*Task brief*:
Take the line containing "Wall dist:48~493mm, ±50°" and every line after it to the end of the material below; reproduce them exactly, without pictures.

*Data*:
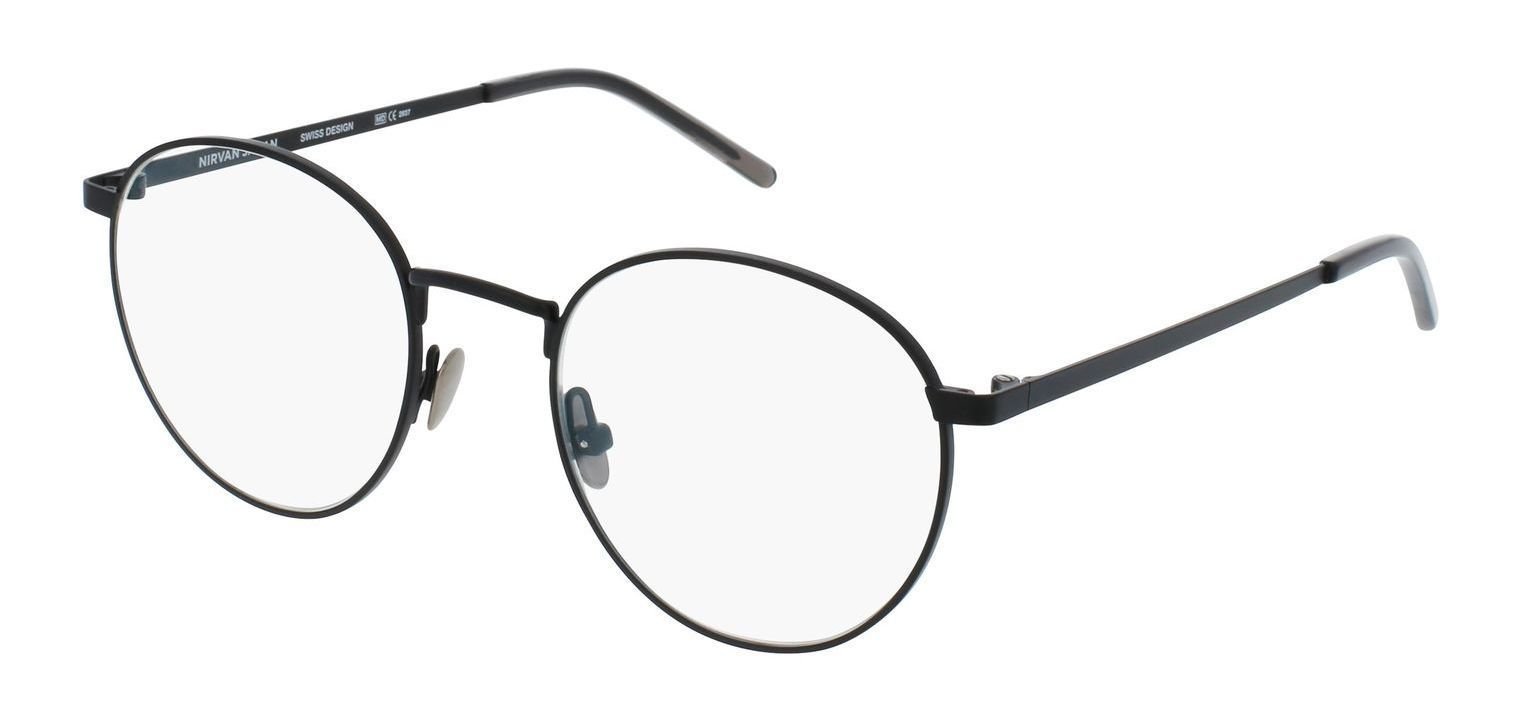 Nirvan Javan Oval Brillen NJE 25 Schwarz für Herr-Dame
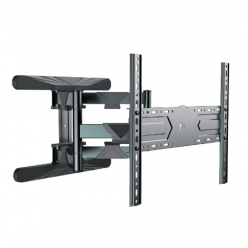 Кронштейн  Gembird -WM-80ST-01- Black 40--80-, 60kg, VESA:up 600x400, Wall dist:48~493mm, ±50°
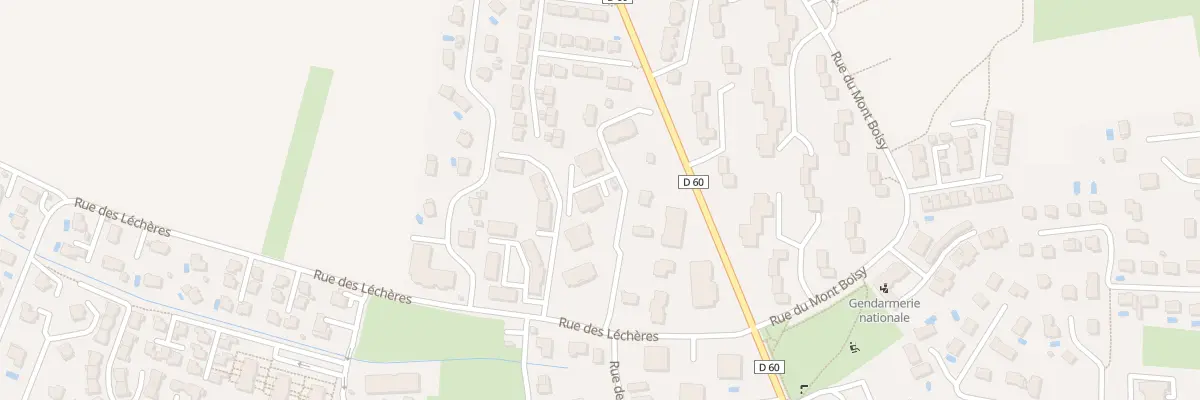 Plan du 8 Rue des Léchères à Douvaine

*Solution*:
 Кронштейн  Gembird -WM-80ST-01- Black 40--80-, 60kg, VESA:up 600x400, Wall dist:48~493mm, ±50°
 Plan du 8 Rue des Léchères à Douvaine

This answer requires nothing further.